[Input for this task Boundary: Start]

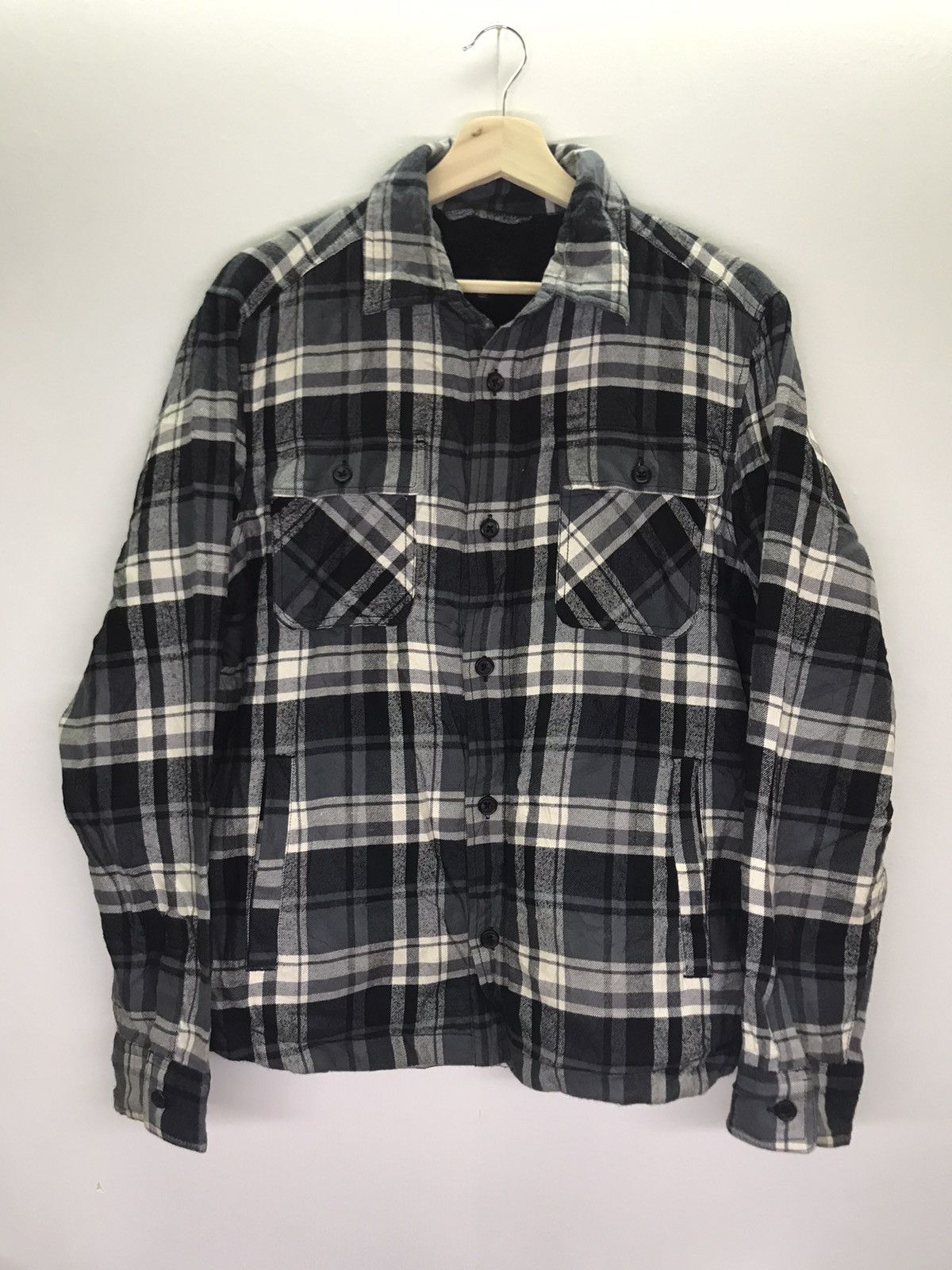 Flannel JapaneseBrand Uniqlo Flannel Fleece inside Jacket Size US M / EU 48-50 / 2 - 1 Thumbnail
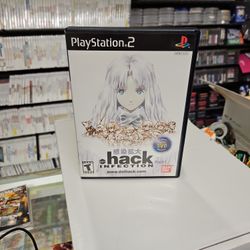 PS2 Dot Hack Infection Part 1 Sony PlayStation 2 Complete with Anime DVD Movie
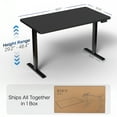thumbnail image 2 of VIVO Electric 43” x 24” Stand Up Desk, Black Table Top, Black Frame, 2 of 2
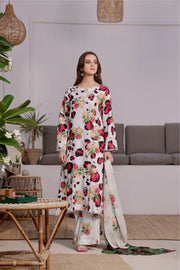 Feathers Sunset Soiree Unstitched Printed Lawn 3Pc Suit ASTER-FT414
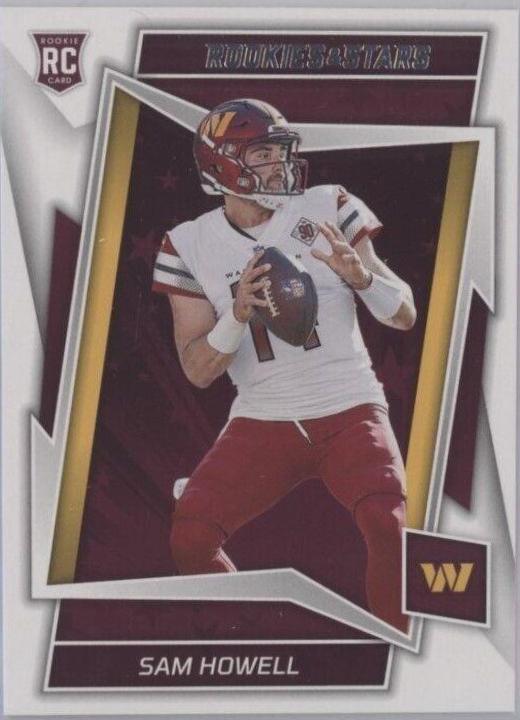 Sam Howell #105 Football Cards 2022 Panini Rookies & Stars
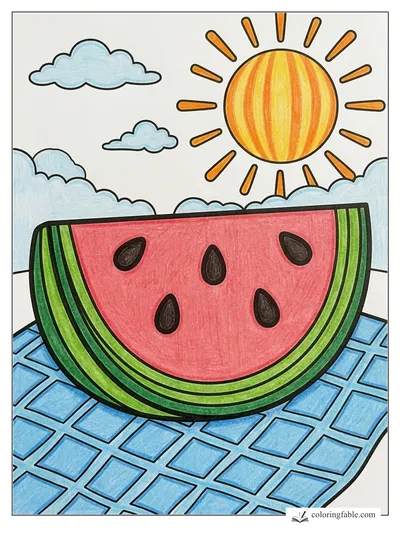 Colored example of this coloring page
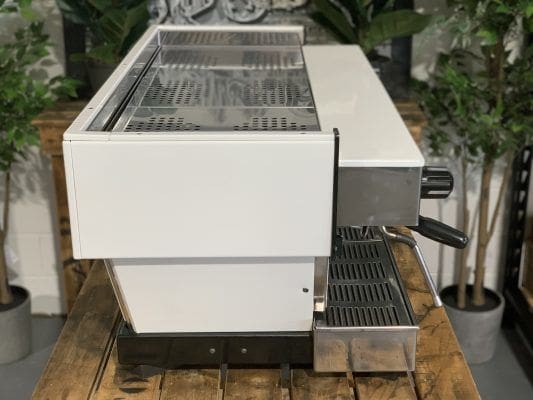 La Marzocco Linea Classic w Chrono - 3 Group Commercial Espresso Machine - White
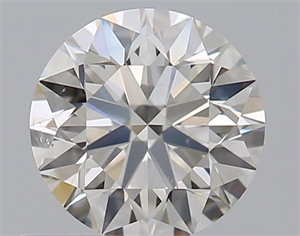 Picture of Natural Diamond 0.50 Carats, Round with Excellent Cut, H Color, SI2 Clarity and Certified by GIA
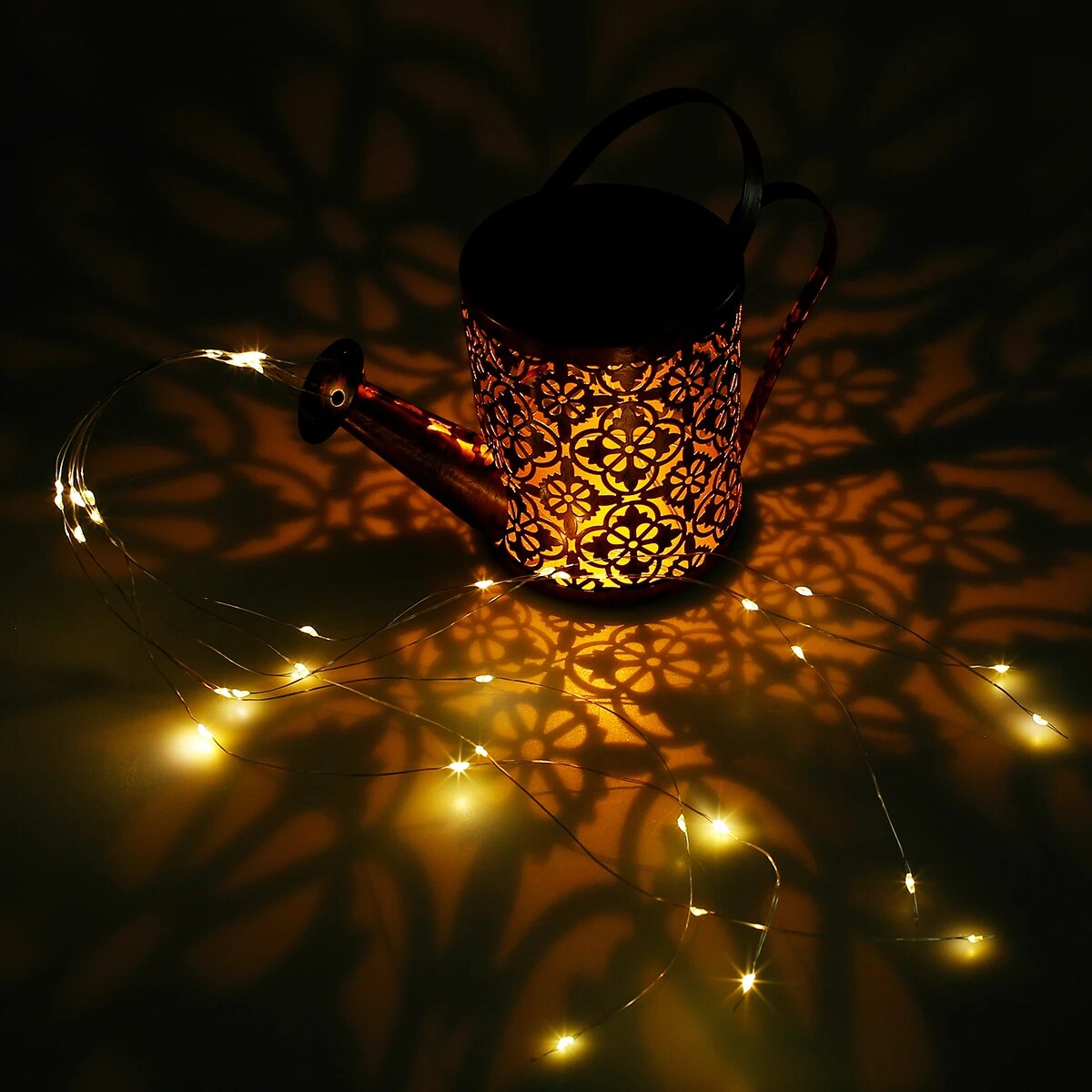 Solar Watering Can Light 36 LED Fairy Lights Waterproof Kettle String Lamp Hanging Solar Lantern Outdoor Garden Decor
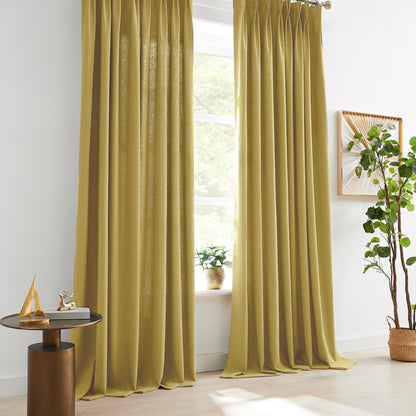 Oakley Cross Linen Texture Curtains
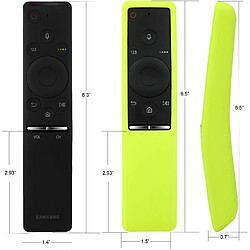 SANAG Housse etui De Protection Pour Samsung Smart Tv Telecommande De La Serie Bn59, Anti-Glisse Pour Enfants Anti-Derapant Anti-Perdue Avec Main Stra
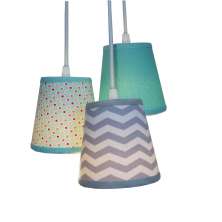 Lustre Pendente Crie Casa Cacho Chevron Multicolorido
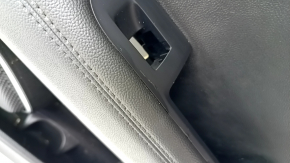 Door trim card rear right Alfa Romeo Stelvio 18 - black leather, aluminum insert, broken tweeter mesh, broken handle, corrosion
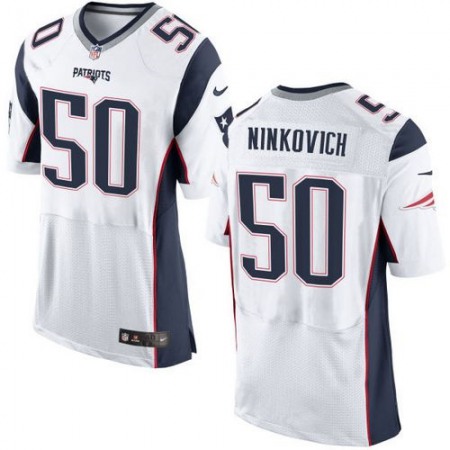 Patriots #50 Rob Ninkovich White Men's Stitched NFL New Elite Jersey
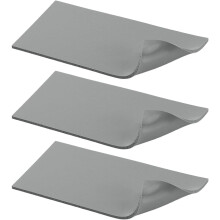 Silicone Heat Press Mat 7.8x3.94x0.14 in Gray 3 pcs
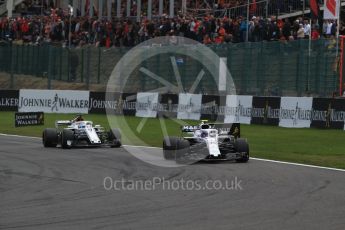 World © Octane Photographic Ltd. Formula 1 – Belgian GP - Race. Williams Martini Racing FW41 – Sergey Sirotkin. Spa-Francorchamps, Belgium. Sunday 26th August 2018.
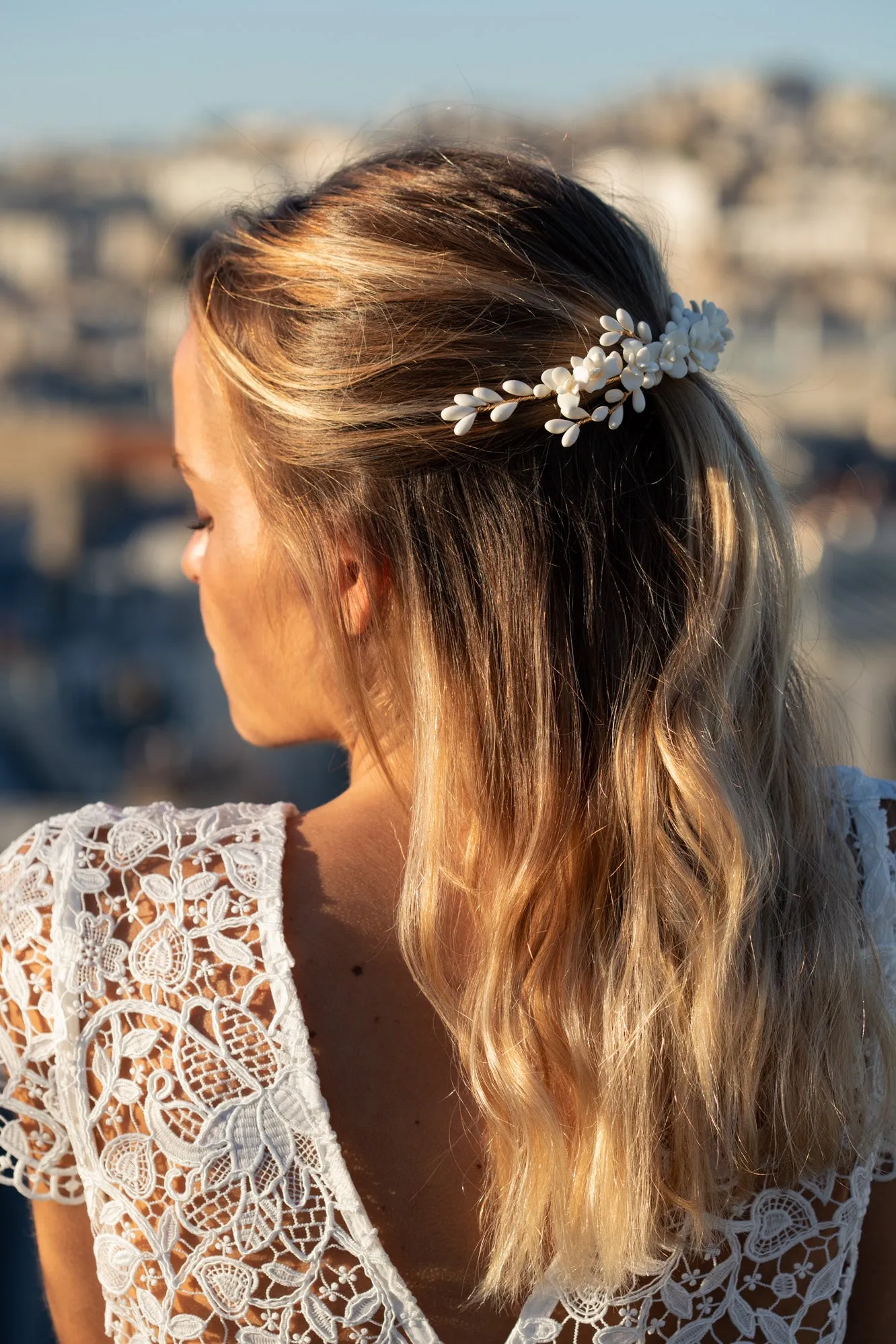 Peigne Fleurs d'Oranger
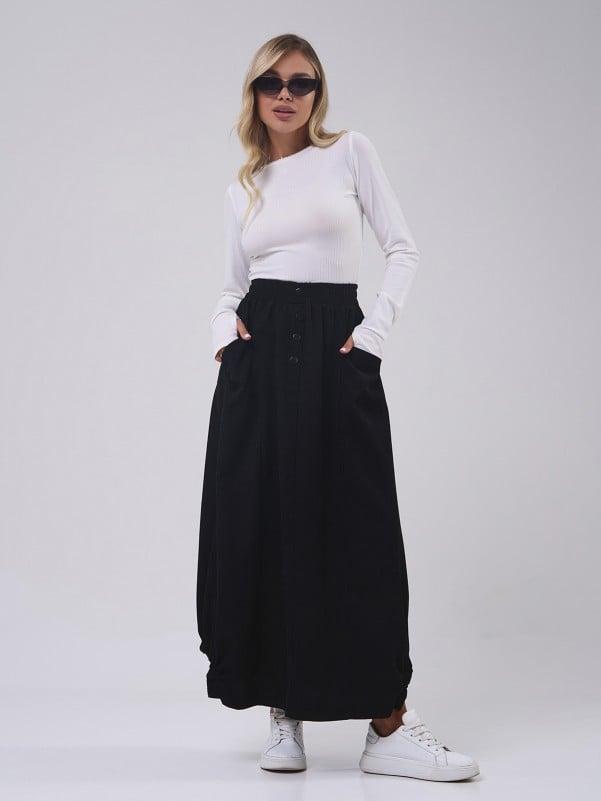 Спідниці ISSA PLUS 14815 M чорний, фото 1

[Input for this task Boundary: End]

■ Exercise directions: Starting with the first line of the data above, write out each line exactly up to and including the line that holds "La Marzocco Linea". Pictures stay out.

■ Solution for this exercise:
 Flannel JapaneseBrand Uniqlo Flannel Fleece inside Jacket Size US M / EU 48-50 / 2 - 1 Thumbnail
 PS2 Dot Hack Infection Part 1 Sony PlayStation 2 Complete with Anime DVD Movie
thumbnail image 2 of VIVO Electric 43” x 24” Stand Up Desk, Black Table Top, Black Frame, 2 of 2
 Feathers Sunset Soiree Unstitched Printed Lawn 3Pc Suit ASTER-FT414
 Sam Howell #105 Football Cards 2022 Panini Rookies & Stars
 Colored example of this coloring page
 La Marzocco Linea Classic w Chrono - 3 Group Commercial Espresso Machine - White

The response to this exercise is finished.